Establish a trigger to activate you fire plan. The immediate threat of a bushfire is too late as there is an unacceptable risk to human life.

The CFA recommends activating your Bushfire Survival Plan on days with an FDR rating of Severe, Extreme or Code Red (catastrophic).

Early implementation of your fire plan will lower the risk to personal safety and to the safety of your animals. This means moving your livestock onto your low risk areas the night before or early in the morning of high risk days as they can be difficult to move when stressed by smoke or fire. Waiting until your see smoke or flames is a deadly option.

If you are lucky and not impacted by fire, the worst that you will have to face is a little drafting afterwards to separate the livestock back into their mobs or herds.

If your fences are electrified, make sure your boundary fences are stock proof even without electricity as the power often goes out during a bushfire.

Cutting internal fences to allow stock to move with the movements of the fire is NOT recommended. Containment in a secure, low risk, area is more suitable and should reduce stock confusion and distress as the fire front passes.

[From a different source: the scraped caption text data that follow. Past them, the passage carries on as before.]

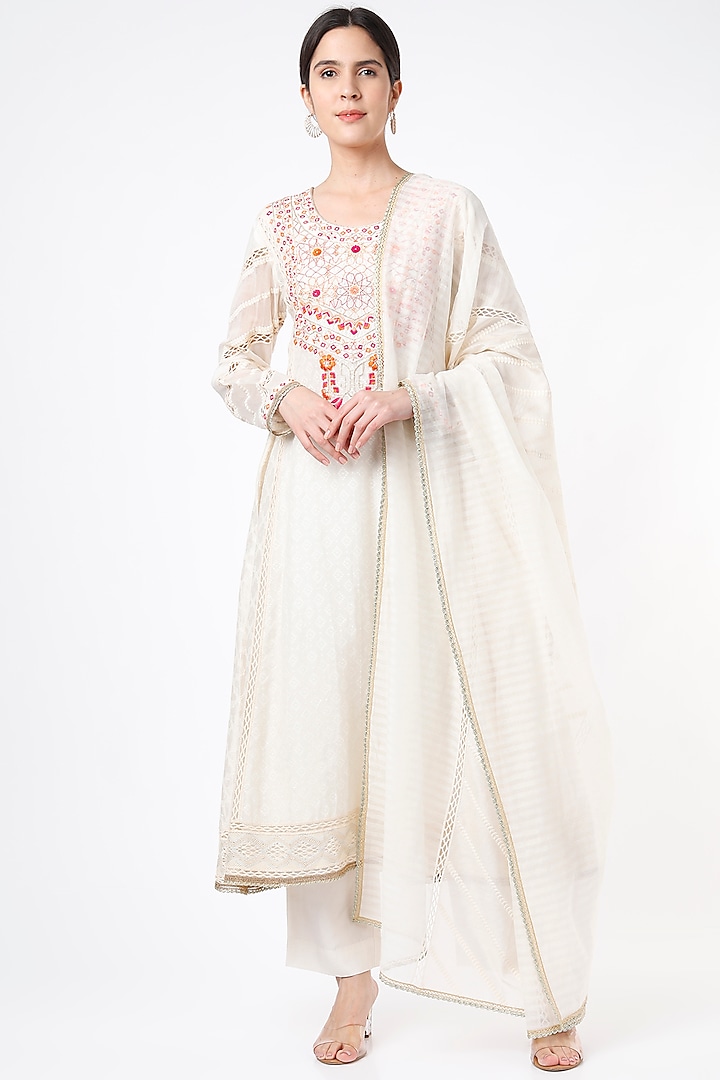 Cream Resham Embroidered Anarkali Set by Nadima Saqib
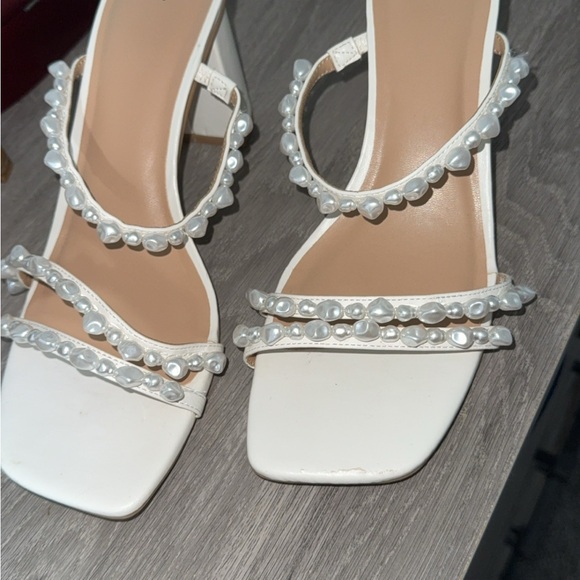 A New Day Women's Cream Sandals with Pearl Accents - Picture 3 of 5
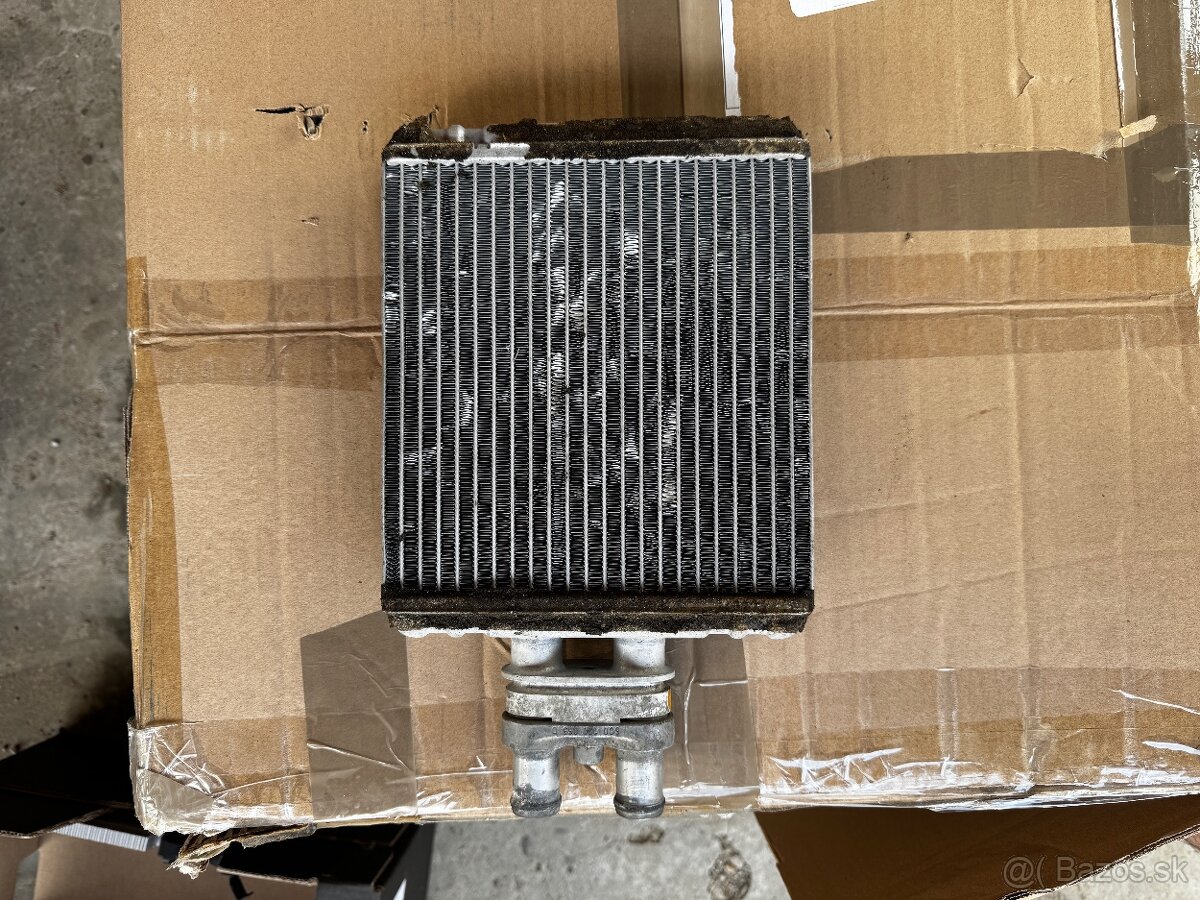 Radiator kúrenia 6q0121065d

Fences along roadsides should NOT be cut. Loose stock can cause accidents during fire, particularly when visibility is low due to smoke haze and can be difficult to manage after the fire front passes.

The CFA booklet Defending your Property is an invaluable source for a list of items necessary for personal protection, suggested tools and equipment to have on hand the resources necessary for defending your home. The booklet is part of a bushfire series and is available from the CFA website.

The right clothes can help shield you from radiant heat, burning embers and flames. Keep your safe clothing kit with you in case a fire starts while you're out. Radiant heat kills.

A word to the wise: condition your pets and horses to your strange appearance ahead of time.

Preparing for the fire season

A well prepared farm has a greater chance of surviving a bushfire. Remove tree branches that hang over your house or shedding. Cut the grass and get rid of material, such as dry grass, leaves and twigs, that can catch fire.

Clean up fallen branches, leaves and twigs under farm plantations and along farm access routes and laneways. Use a rake to remove loose, ribbon bark that could carry fire up into the canopy of trees.
Clean out the gutters and remove flammable material against or under sheds. Keep vegetation and other flammable material well back from plastic tanks as even full tanks can melt and rupture. Tanks should be made from galvanised iron or concrete could be a better option.

Consider installing strategically placed fire hose reels around the home and sheds.

Keep petrol, diesel and other flammable supplies away from you home and shedding. Consider a well protected, dedicated storage area.

Identify alternative farm exit routes in case the primary access is blocked by a fallen tree or spot fire. If there is only one obvious exit, a set of wire cutters in each vehicle could be a life saver. Know where roadside drains are shallow enough to enable you to drive onto the road.

A farm water supply is only as good as its weakest link. Surface laid poly pipe and tap or trough poly rises could be that weak link. Keep grass and other flammable material away or bury poly pipe to a depth of at least 300mm and replace poly risers with fire resistant pipe.

Don't use empty bays of hay sheds to store valuable farm machinery. As well as the risk of machinery or flying embers setting the hay alight, there is the threat of spontaneous combustion.

The electricity supply is usually one of the first casualties during a bushfire. Make sure you take this into account in your fire planning so you have an alternative means of accessing water for stock as well as fire fighting.
Check and run fire pumps or generators at least monthly during the fire season to ensure they will run when needed. Protect fixed pumps or generators from radiant heat. Excessive heat can melt plastic motor parts or vaporise the fuel.

Check fire extinguishers are full, charged and, where necessary, securely mounted on tractors, headers and other farm machinery.